But labels interrupt disassembly; the disassembler thinks it must have been wrong and restarts decoding from the label. So in GDB on testc/test5 (with set disassembly-flavor intel and layout reg, then using the start command to stop at the start of main), I'll get
|0x40053c <main> add eax,0x41000000 │
│0x400541 <__libc_csu_init+1> push rdi │
│0x400542 <__libc_csu_init+2> mov r15,rdx
But from objdump -drwC -Mintel (disassembing only the .text section is the default for -d, and I used the GNU C attribute to put main there so my program could work the way yours does), I get:
000000000040053c <main>:
40053c: 05 00 00 00 ....
0000000000400540 <__libc_csu_init>:
400540: 41 57 push r15
400542: 49 89 d7 mov r15,rdx
Notice that the .... on the same line as the 05 00 00 00 indicates that decoding didn't get to the end of an instruction.

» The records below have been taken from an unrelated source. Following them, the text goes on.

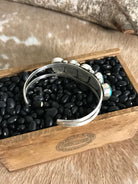 The Wycombe Cuff, 2-Bracelets & Cuffs-Calli Co., Turquoise and Silver Jewelry, Native American Handmade, Zuni Tribe, Navajo Tribe, Brock Texas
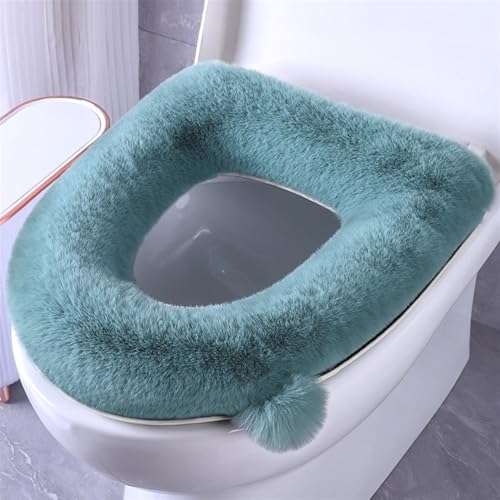 Lifup Toilettensitzbezug Pad mit Griff und Reißverschluss, Dicker Weich Warm WC Sitzkissen Grün 38 x 44 cm Lifup Toilettensitzbezug Pad mit Griff und Reißverschluss, Dicker Weich Warm WC Sitzkissen Grün 38 x 44 cm von Lifup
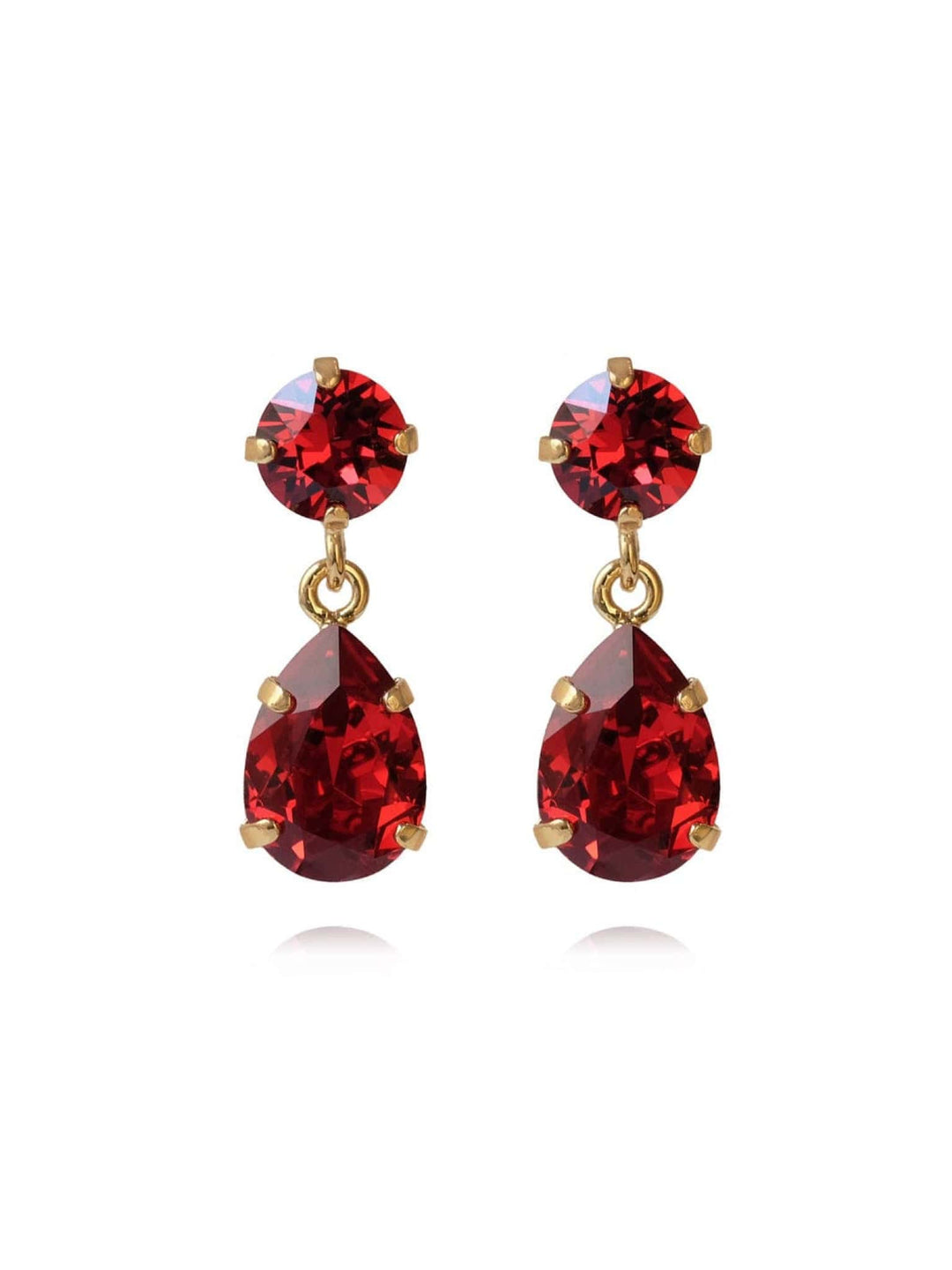 Caroline Svedbom øredobber Mini Drop earrings - scarlet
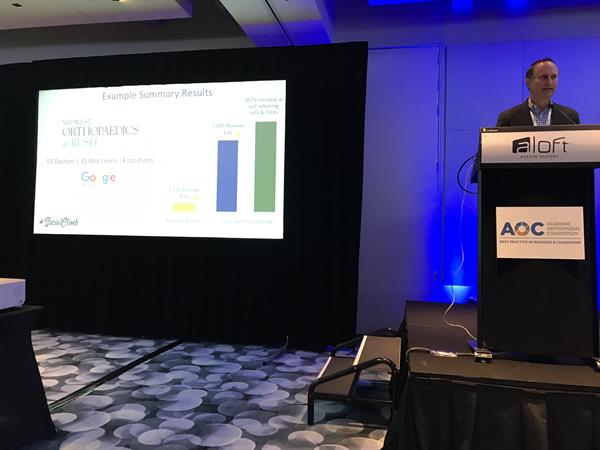 Ty Allen, SocialClimb CEO, leads a break-out session at the 2019 AOC Annual Meeting held in Boston, MA.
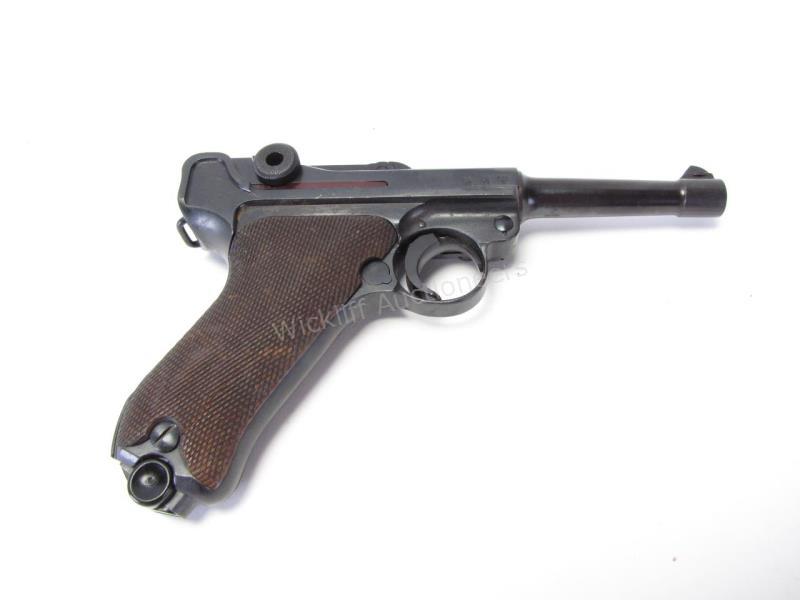 Appraisal: Mauser Dated Chamber S Luger Pistol-Blued barrel Chambered in mm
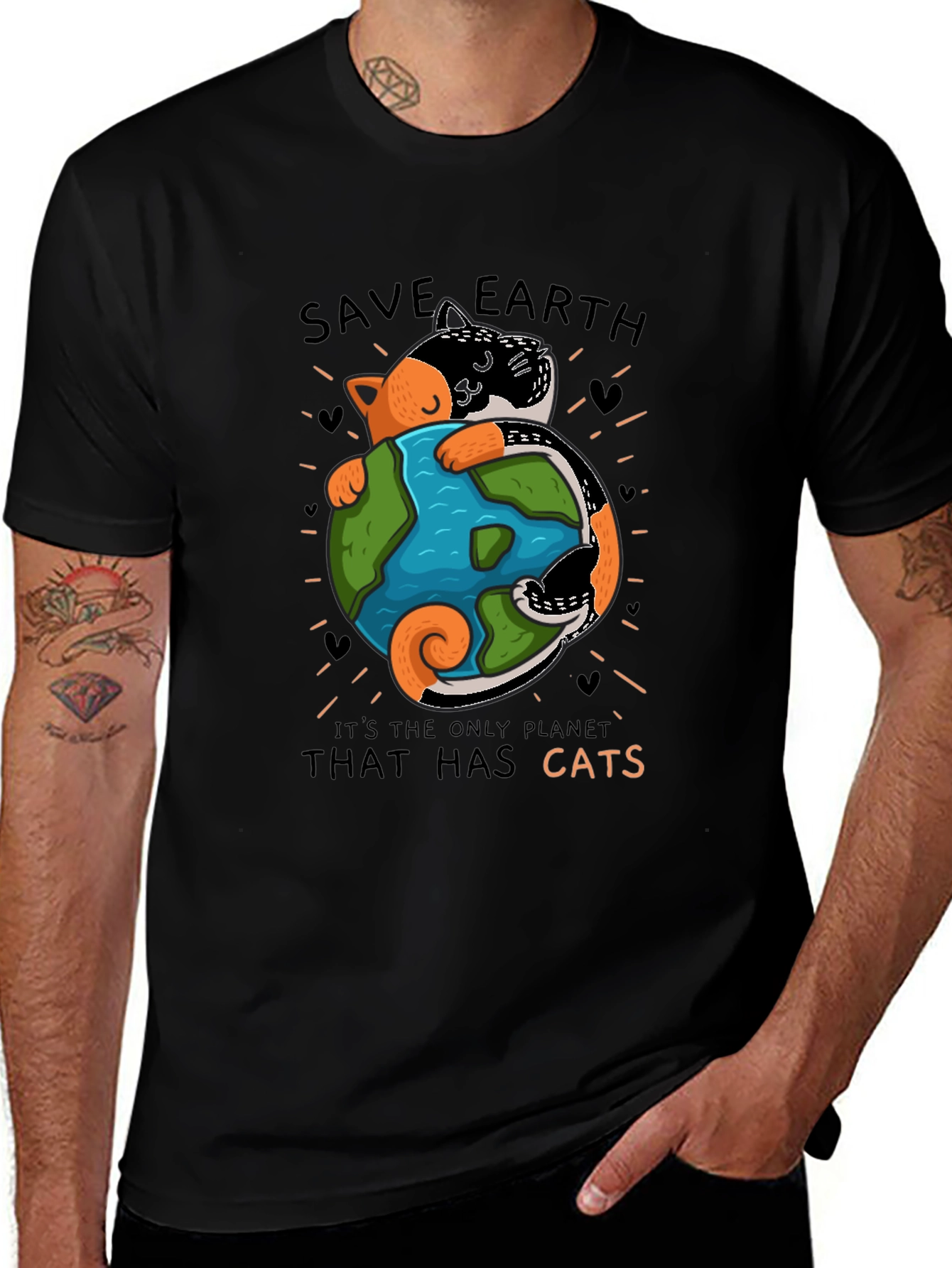 Variant 10 of Save Earth Cats T-Shirt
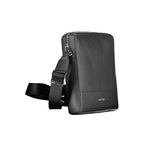 Calvin Klein Black Polyurethane Men Shoulder Bag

And since main isn't aligned by 16 here, it's right up against the start of __libc_csu_init. So the add eax, imm32 consumes the REX.W prefix (41) from push r15, making it decode as push rdi if reached by falling through from main instead of by a call to the __libc_csu_init label.

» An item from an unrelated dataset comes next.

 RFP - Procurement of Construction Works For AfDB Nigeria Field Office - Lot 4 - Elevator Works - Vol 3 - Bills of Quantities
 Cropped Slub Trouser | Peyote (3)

The above output was from Linux. Your OS X system would be different
OS X puts most of the CRT startup code in libc, not statically linked into the executable with main.
Or maybe there isn't anything for your main to fall through into
If there was, main=5 would have worked, but you say the first non-crashing result was with main=194, which is an actual ret.
If nothing before c3 ret or c2 00 00 ret 0 returned, then probably there's nothing to fall into after main, or the gap isn't padded with repeated 90 nop to form a "nop sled" that will execute ok if decoding starts anywhere in the middle of it. (e.g. after an earlier instruction consumes the trailing 0 bytes at the end of the dword int main, and some of the padding bytes.)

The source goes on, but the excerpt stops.